TO DO - All lines from the one bearing "Yucca 2013 06.01" through the end of the data below must be printed exactly as they stand, with pictures removed.

Stored data entries:

::::::::::

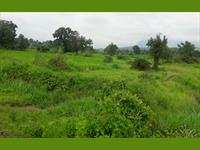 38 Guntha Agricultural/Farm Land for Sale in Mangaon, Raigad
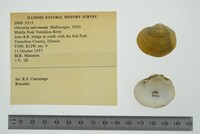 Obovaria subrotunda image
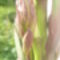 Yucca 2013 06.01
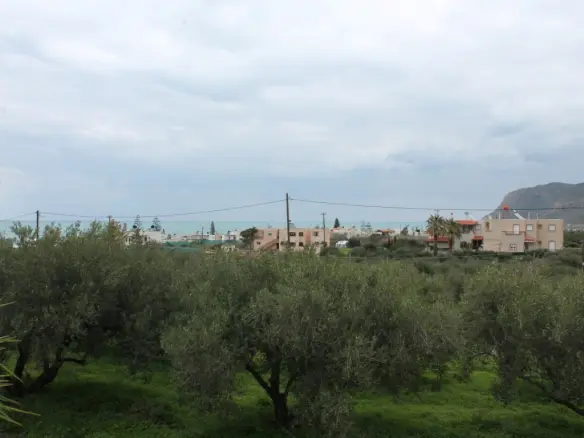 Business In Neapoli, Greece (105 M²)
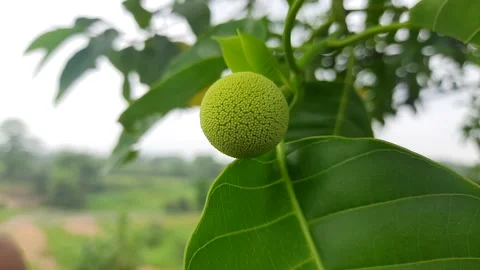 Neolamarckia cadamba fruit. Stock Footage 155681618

::::::::::

RESULT OF THE TASK -
 Yucca 2013 06.01
 Business In Neapoli, Greece (105 M²)
 Neolamarckia cadamba fruit. Stock Footage 155681618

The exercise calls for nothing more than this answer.